С началом зимы я покинул Ханой и перебрался в Петербург. Одевшись потеплее, я долго бродил по набережным, смотрел на скованные льдом реки и воображал, как они преобразятся с приходом весны. Тронется лед, побежит вода, пойдут по ней корабли и катера. И я в своих грёзах буду сидеть одиноко на плоту, плыть по реке жизни и озираться по сторонам, не имея возможности причалить на время к берегу. Буду плыть и плыть, пока путешествие не окончится.
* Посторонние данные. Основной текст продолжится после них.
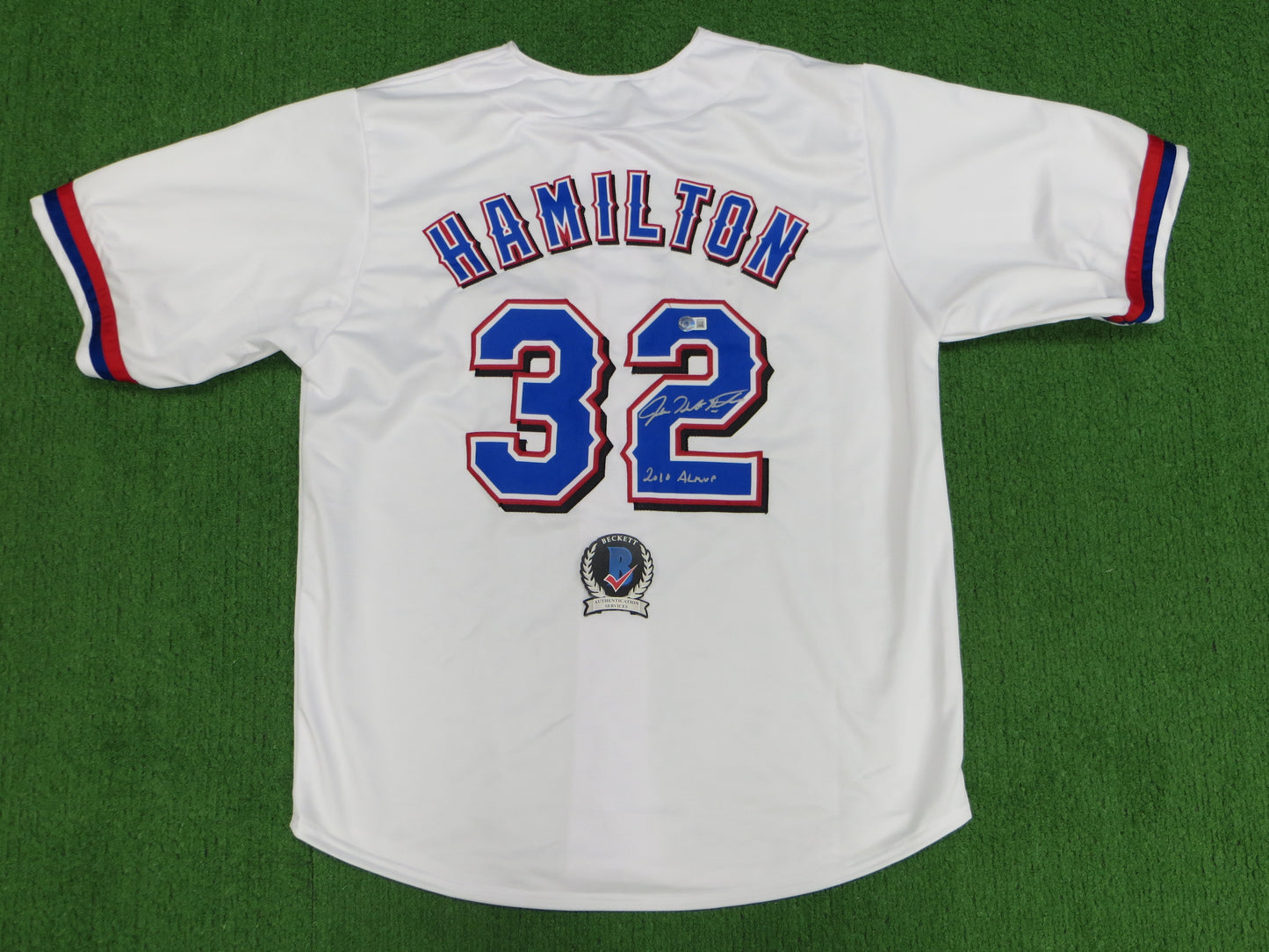 JOSH HAMILTON TEXAS RANGERS SIGNED WHITE JERSEY size XL w/ALMVP BAS COA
В том, что оно окончится, у меня больших сомнений нет.
Раз прибегнув к такой, пусть и далеко неточной аналогии, от неё сложно отвязаться. Что я буду делать на этом плоту? Как потратить оставшееся время? Наверное с большим вниманием вглядываться в детали. А если встречу по пути таких же, как я, то помахать рукой, улыбнуться.
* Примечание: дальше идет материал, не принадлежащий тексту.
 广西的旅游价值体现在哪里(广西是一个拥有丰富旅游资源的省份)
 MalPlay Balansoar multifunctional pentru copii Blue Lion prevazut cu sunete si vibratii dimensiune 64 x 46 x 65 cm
Примерно так я и решил, что хочу попробовать себя в роли волонтёра. Не могу сказать, что во мне много сострадания и сопереживания на эмоциональном уровне. Мне довольно легко наблюдать за чужими страданиями. Так что моё желание объяснялось скорее неким категорическим императивом.
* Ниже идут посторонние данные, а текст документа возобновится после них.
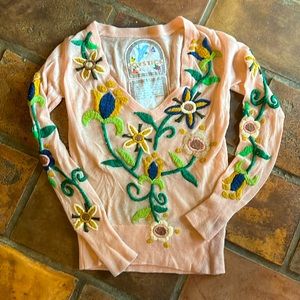 Joystick Hand Crewel Cashmere Sweater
Не в силах познать бытие во всём его проявлении, я, по-прежнему, в целях упрощения делю мир на оттенки серого. Словно решая гигантское уравнение, пытаюсь поделить мир на хорошее и плохое, чтобы они уравновесили друг друга. Должен понять, на чём сосредоточить своё внимание, а на что закрыть глаза.
Скорее всего мне не удалось бы стать хорошей сиделкой. Будь я клоуном в детском доме, то был бы очень скучный и грустный клоун. Всю жизнь учившись понемногу чему-нибудь и как-нибудь, я подумал, что и сам могу кого-нибудь пообучать. Подобные настроения, как мне кажется, довольно свойственны дилетантам, как я.
Будь что будет, сказал я себе, и устроился репетитором по математике в детский приют. Попал к ребятам 13-16 лет «с девиантным поведением». И снова каждый по-своему проведет границу между девиантностью и нормальностью. Сложно назвать этих ребят ангелами, но и чертятами их не назовёшь.
Не знаю, чего ожидало от меня руководство приюта, какие задачи я должен был решать и какие цели видеть перед собой. Наверное, чтобы оценки стали получше, чтобы девятиклассники сдали выпускной экзамен, ну и просто быть для них другом. Если так, то наверное хоть немножко что-то удалось сделать.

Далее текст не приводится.